» **PROBLEM TO WORK ON**
Without the pictures, print the lines from the one holding "Image of The peak tram in Hong Kong" through the last line below, both included, exactly as they stand.
▼
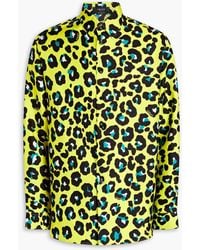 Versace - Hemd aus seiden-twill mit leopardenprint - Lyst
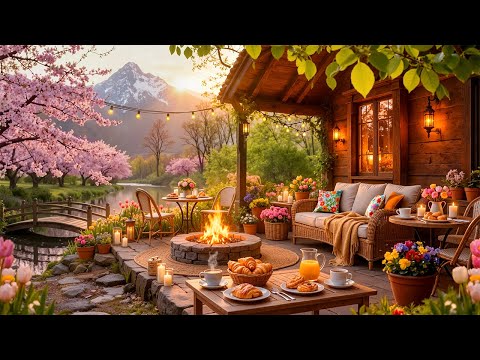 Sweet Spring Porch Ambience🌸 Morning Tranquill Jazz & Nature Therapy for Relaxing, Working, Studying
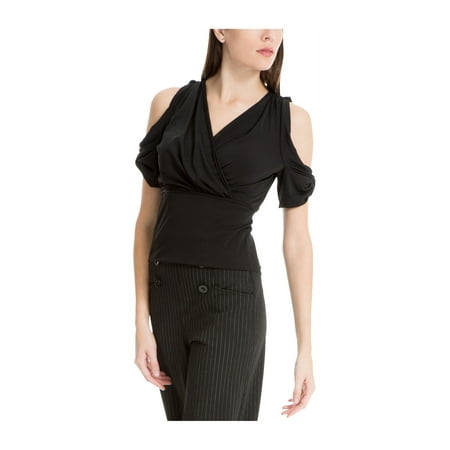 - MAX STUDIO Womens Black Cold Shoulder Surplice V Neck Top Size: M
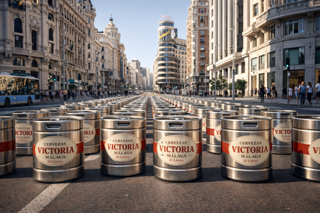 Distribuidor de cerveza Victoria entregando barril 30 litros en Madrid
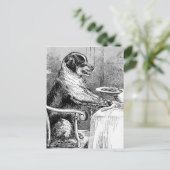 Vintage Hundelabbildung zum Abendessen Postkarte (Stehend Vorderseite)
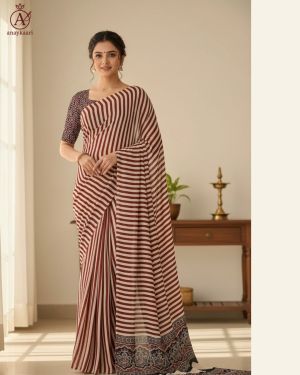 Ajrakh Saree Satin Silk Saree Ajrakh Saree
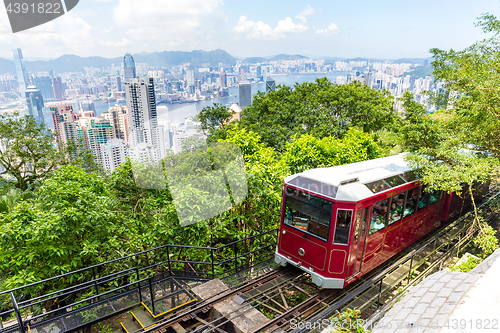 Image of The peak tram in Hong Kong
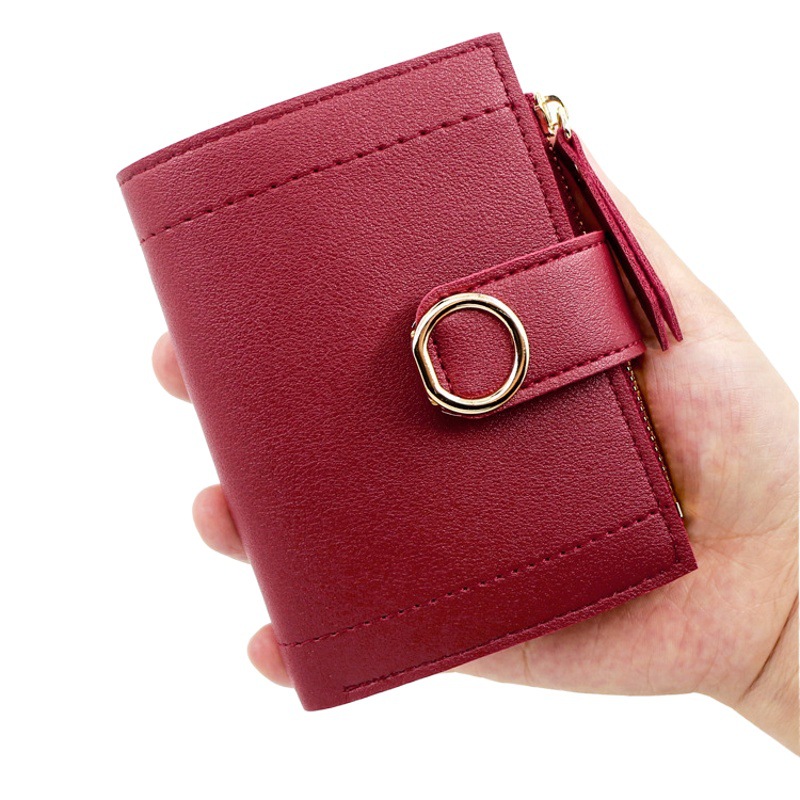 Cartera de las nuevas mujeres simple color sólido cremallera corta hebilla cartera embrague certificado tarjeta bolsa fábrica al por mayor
▲
» **RESULT FOR THIS EXERCISE**
 Image of The peak tram in Hong Kong
 Cartera de las nuevas mujeres simple color sólido cremallera corta hebilla cartera embrague certificado tarjeta bolsa fábrica al por mayor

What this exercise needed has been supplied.